In 2019, an independent inquiry into UN involvement in Myanmar from 2010 to 2018 found that “systemic and structural failures” rendered the UN system impotent in the face of massive human rights violations, including the genocidal atrocities committed against the Rohingya by the Myanmar military. Myanmar is now being subjected to a nationwide attack by that same military, which has been trying – and failing – to gain control over the country for the past thirteen months and has driven Myanmar to become a human rights catastrophe. In this context, the UN Secretary-General issued a report to the UN Human Rights Council last week on progress made in implementing the recommendations of the inquiry. 

“The Secretary General’s report shamefully dismisses the scale and gravity of the current crisis in Myanmar and provides no information on how the UN is actually responding inside the country,” said Yanghee Lee of SAC-M. “The report highlights the reinvigorated role of the UN Resident Coordinators – the top in-country UN official – as the centre piece of UN system reform but fails to mention that Myanmar has not had a Resident Coordinator for extended periods over the past four years. The position is currently vacant and has been for six months. The report merely reads like an advertisement for the work the UN is doing in various countries, not in Myanmar where a brutal coup is still taking place. 

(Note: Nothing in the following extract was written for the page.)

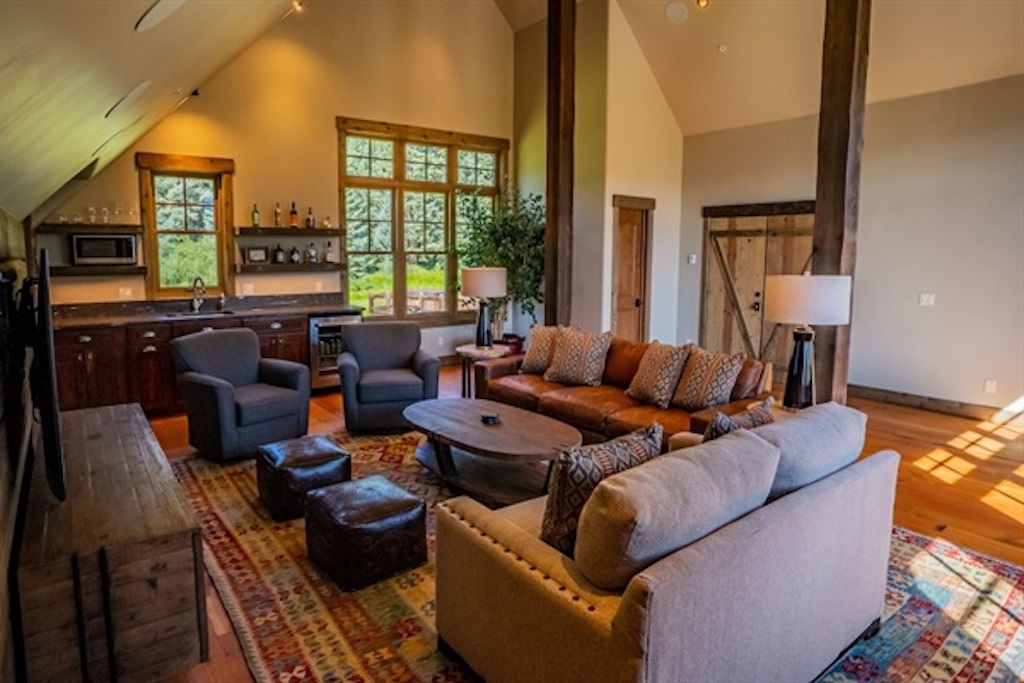 Game Room with wet bar and shared bath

The Secretary General’s report was presented to the Human Rights Council by the UN Assistant Secretary-General (ASG) for the Middle East, Asia and the Pacific, in the absence of a Resident Coordinator for Myanmar. The ASG seemed ill-informed of the situation in Myanmar and provided inaccurate information to Member States during the interactive dialogue by stating that the military is the de facto authority.  

“It is simply not the case that the military is the de facto authority in Myanmar. The majority of the territory is not under the military’s control, and it has no ability to exercise ordinary government functions,” said Marzuki Darusman of SAC-M. “It is no wonder the UN system continues to fail the people of Myanmar, even in their gravest hour of need, if the entire response is predicated on a false assumption that serves only the military. The UN is evidently partial to the junta.”

The people of Myanmar and allied democratic actors under the National Unity Government of Myanmar continue to resist the military’s onslaught and defend their democracy at huge personal cost, as the military inflicts atrocities that likely amount to crimes against humanity and war crimes across the country. The Government has sought to engage with the International Criminal Court and International Court of Justice to halt the atrocities and bring the leaders of the military to justice, but their efforts have so far been ignored.  

“The Secretary General, heads of UN agencies and UN Member States need to ask themselves just whose side they are on,” said Chris Sidoti of SAC-M. “Is it the people of Myanmar and their elected representatives? Or is it the leaders of a brutal military who should be prosecuted for genocide, crimes against humanity and war crimes? As things currently stand, the answer to that is not clear at all.”